[Data — start]
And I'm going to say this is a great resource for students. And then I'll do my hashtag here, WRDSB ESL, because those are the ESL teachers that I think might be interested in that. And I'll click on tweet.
[Data — finish]
[Data — start]
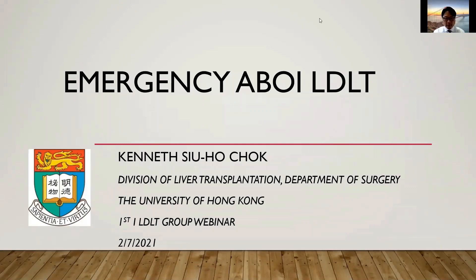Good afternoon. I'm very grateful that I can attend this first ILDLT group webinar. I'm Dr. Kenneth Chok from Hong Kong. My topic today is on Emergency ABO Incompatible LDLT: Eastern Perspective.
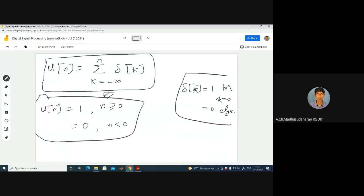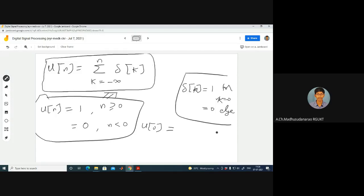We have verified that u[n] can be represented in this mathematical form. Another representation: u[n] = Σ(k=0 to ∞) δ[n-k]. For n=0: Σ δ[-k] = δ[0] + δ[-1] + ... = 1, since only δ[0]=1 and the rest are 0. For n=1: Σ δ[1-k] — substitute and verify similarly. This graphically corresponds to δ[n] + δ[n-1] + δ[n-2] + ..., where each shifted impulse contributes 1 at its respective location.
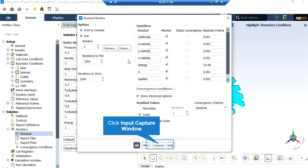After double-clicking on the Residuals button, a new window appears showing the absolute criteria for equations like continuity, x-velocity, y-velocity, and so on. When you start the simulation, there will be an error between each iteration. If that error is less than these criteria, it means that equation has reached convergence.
[Data — finish]
# Requirement
Copy the entries above exactly, but only the stretch from the line containing "Good afternoon. I'm" through the line containing "After double-clicking on". Keep both end lines; drop the pictures.

# Task response
Good afternoon. I'm very grateful that I can attend this first ILDLT group webinar. I'm Dr. Kenneth Chok from Hong Kong. My topic today is on Emergency ABO Incompatible LDLT: Eastern Perspective.
We have verified that u[n] can be represented in this mathematical form. Another representation: u[n] = Σ(k=0 to ∞) δ[n-k]. For n=0: Σ δ[-k] = δ[0] + δ[-1] + ... = 1, since only δ[0]=1 and the rest are 0. For n=1: Σ δ[1-k] — substitute and verify similarly. This graphically corresponds to δ[n] + δ[n-1] + δ[n-2] + ..., where each shifted impulse contributes 1 at its respective location.
After double-clicking on the Residuals button, a new window appears showing the absolute criteria for equations like continuity, x-velocity, y-velocity, and so on. When you start the simulation, there will be an error between each iteration. If that error is less than these criteria, it means that equation has reached convergence.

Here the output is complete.